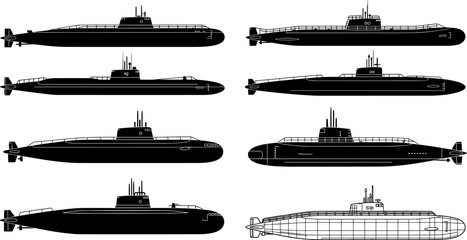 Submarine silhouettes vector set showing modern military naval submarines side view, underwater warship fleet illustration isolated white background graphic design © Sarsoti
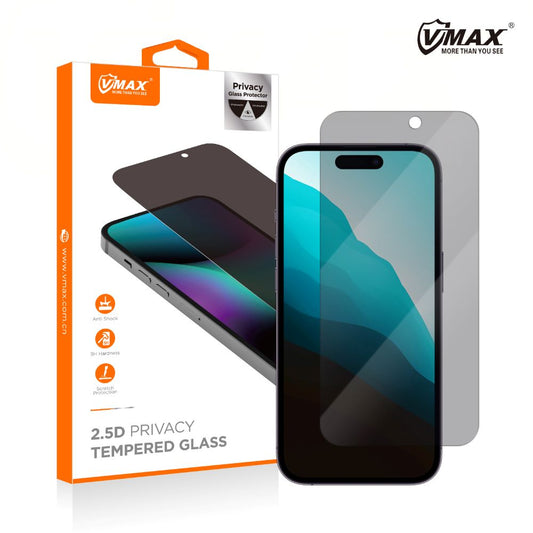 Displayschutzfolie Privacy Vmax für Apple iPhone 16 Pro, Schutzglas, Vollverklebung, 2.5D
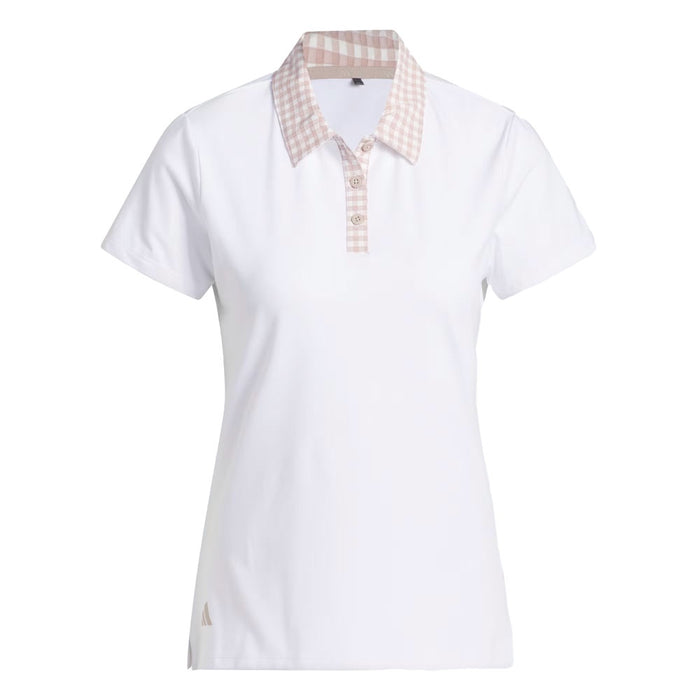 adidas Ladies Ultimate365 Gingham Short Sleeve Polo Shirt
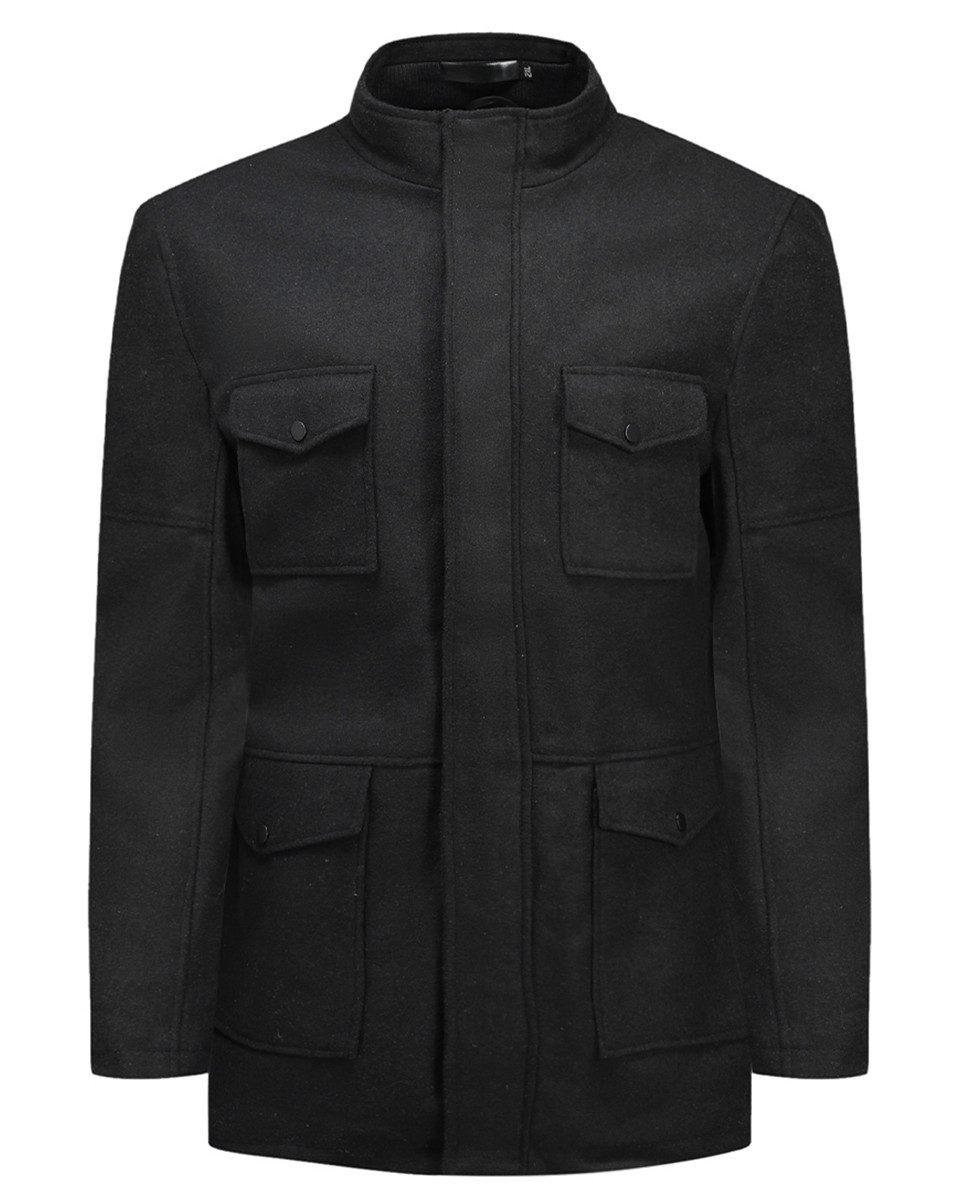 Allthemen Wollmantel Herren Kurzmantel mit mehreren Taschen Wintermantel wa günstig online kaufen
● ● ● ● ● ● ●
[Task to carry out] Would you set down each line of the listing above exactly, apart from the pictures?

[Exercise answer]
 Submarine silhouettes vector set showing modern military naval submarines side view, underwater warship fleet illustration isolated white background graphic design © Sarsoti
 Displayschutzfolie Privacy Vmax für Apple iPhone 16 Pro, Schutzglas, Vollverklebung, 2.5D
 adidas Ladies Ultimate365 Gingham Short Sleeve Polo Shirt
 Allthemen Wollmantel Herren Kurzmantel mit mehreren Taschen Wintermantel wa günstig online kaufen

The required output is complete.